Readers would recall that over 40,000 students were barred from sitting to this year’s national exams due to administrative lapses. Even more disheartening was the fact that, instead of taking responsibility, this failure was blamed on school principals, and while students were punished for failures in leadership, their parents were left in tears.

But behind those blame shifting is a painful truth: many schools lacked the internet, resources, and support needed to submit Continuous Assessment Scores (CASS) on time. The Ministry of Education offered no buffer, no second chances. Essentially, the Ministry of Basic and Senior Secondary Education failed to coordinate timely submission of Continuous Assessment Scores (CASS) to WAEC.

To better appreciate the context, it is important to note that WAEC’s systems are standard across West Africa. Nigeria, Ghana, and The Gambia and they had no such crisis in those countries. Even Sierra Leone itself, the examinations have been managed smoothly until recent years. Under the previous APC administration, WAEC processes, though imperfect, never triggered mass exclusion. But under this administration, procedural breakdown and institutional indifference turned a technical task into a disaster. The 2025 disaster marks the first systemic collapse of WAEC.

“WAEC isn’t broken. The government’s relationship with WAEC is,” said an education officer in Port Loko. “They failed to follow WAEC’s timelines, protocols, and training procedures, and students paid the price.”

“This was not just a glitch,” said a WAEC liaison officer in Bo. “It was a collapse of governance.”

An educationist writing in Education for Transformation warned years ago: “Any education reform that lacks consistency and coherence at the point of delivery will deepen inequality, not reduce it.”

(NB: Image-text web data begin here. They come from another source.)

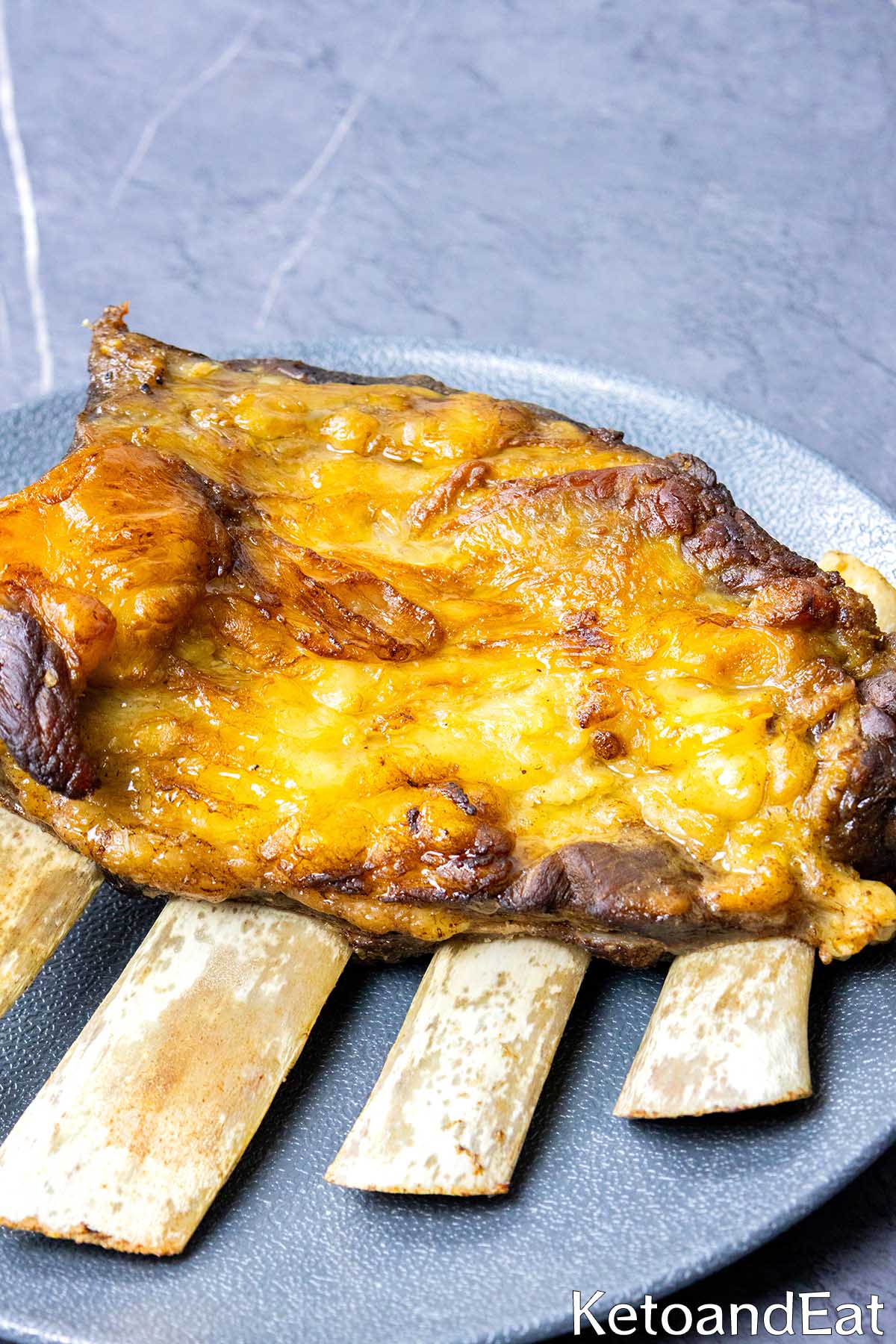 Carnivore Short Ribs 2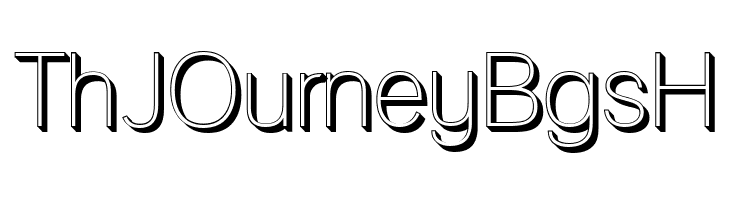 Lane Posh Light  Free Fonts Download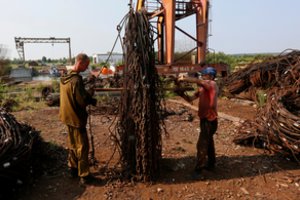 Ne už kalnų rusų laukia išbandymas – minios žmonių atsidurs gatvėje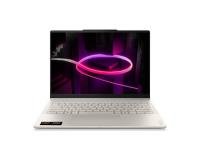 Yoga 7 2-in-1 14AGP11 Copilot+ PC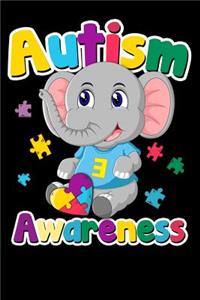 Autism Awareness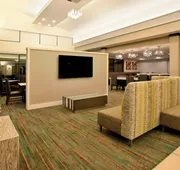Residence Inn Portland Airport at Cascade Station hotel detail image 4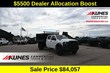 Ram 4500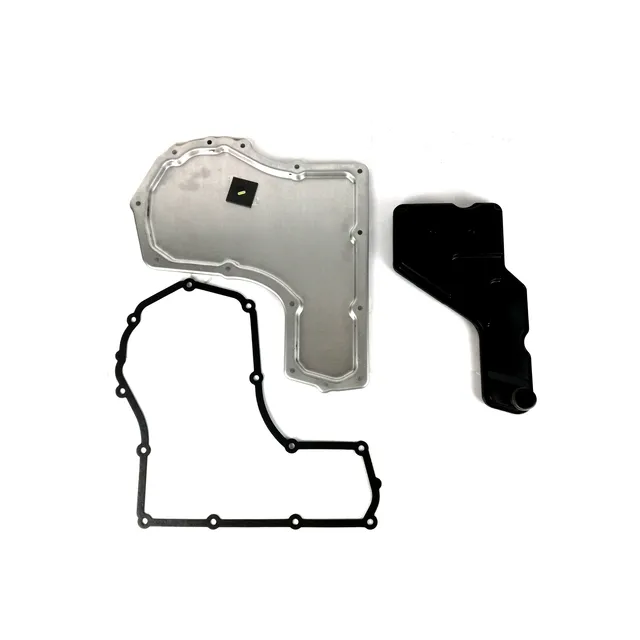 Sedaso, Empaque Y Carter  Chevrolet Cobalt L4 2.2l 2.4l 2008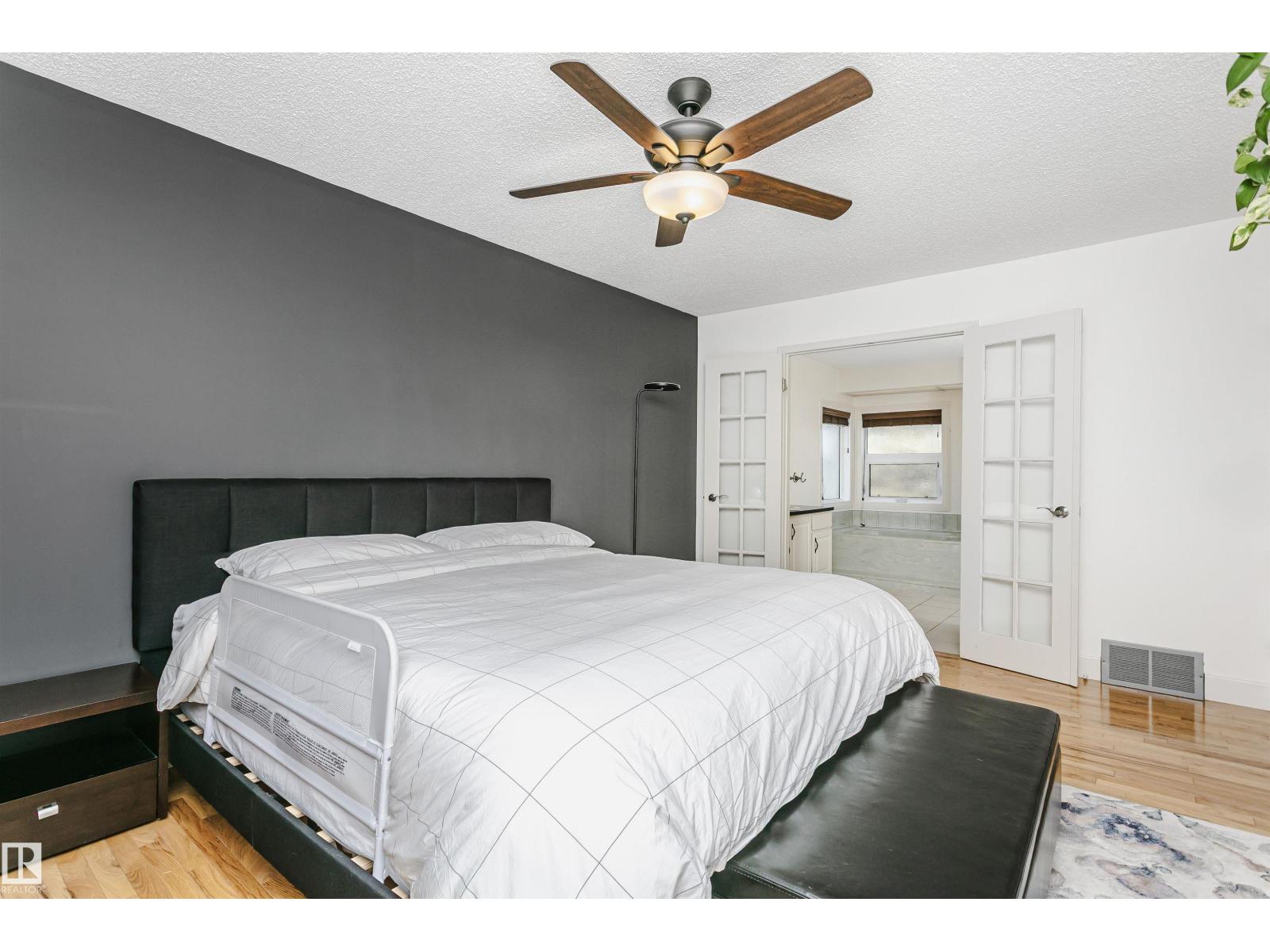 17820 57 AV NW - 29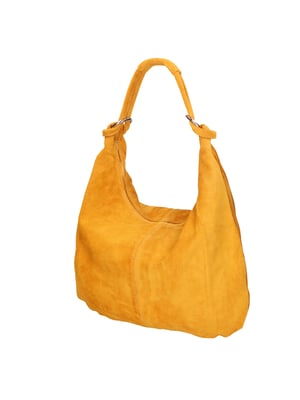 Gave Lux Schultertasche Frauen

The government may cite budget constraints. But what communities demand is not charity, it’s effectiveness and accountability. Education isn’t just about chalkboards and classrooms. It is about equity, nation-building, and hope. It is the tool that lifts communities out of poverty and plants the seeds of self-reliance. And when a government fails to deliver the most basic components, textbooks, salaries, exams, it doesn’t just fail a policy test. It fails a moral test.

Paulo Freire, the great Brazilian philosopher of education, once said: “Washing one’s hands of the conflict between the powerful and the powerless means to side with the powerful.” By ignoring the daily struggles of students and teachers, this government has sided with apathy over action, with appearances over accountability.

A National Crossroads: We Need Competence, Not Campaigns

This is no longer a debate about party politics. This is a call to national conscience. The collapse of Sierra Leone’s education system is not a northern tragedy or an eastern embarrassment, nor is it a southern lamentation or a western region disaster. It is a Sierra Leonean emergency. And it demands serious, credible, and competent leadership.

But when budget delays turn into broken school terms, when promises travel faster than disbursements, and when school administrators wait in vain for resources, a generation risks being left behind. Our children are not asking for miracles. They’re asking for chairs, for teachers, for organised and effective coordination of the schooling. Education remains the most powerful equalizer a nation can offer. That is why this election cycle must not be about region or tribe. It must be about who has the capacity, clarity, and credibility to fix what is broken.

The Way Forward: Why APC Must Lead, and Why Dr. Ibrahim Bangura Must Be Chosen

The All People’s Congress (APC) must present the nation with more than just a political alternative. It must offer a leadership alternative. And that leadership must begin with the selection of a flagbearer whose record, integrity, and experience match the scale of the crisis.

We must elect a leader with the capacity to heal, unite, and build. And to begin, we must choose Dr. Ibrahim Bangura.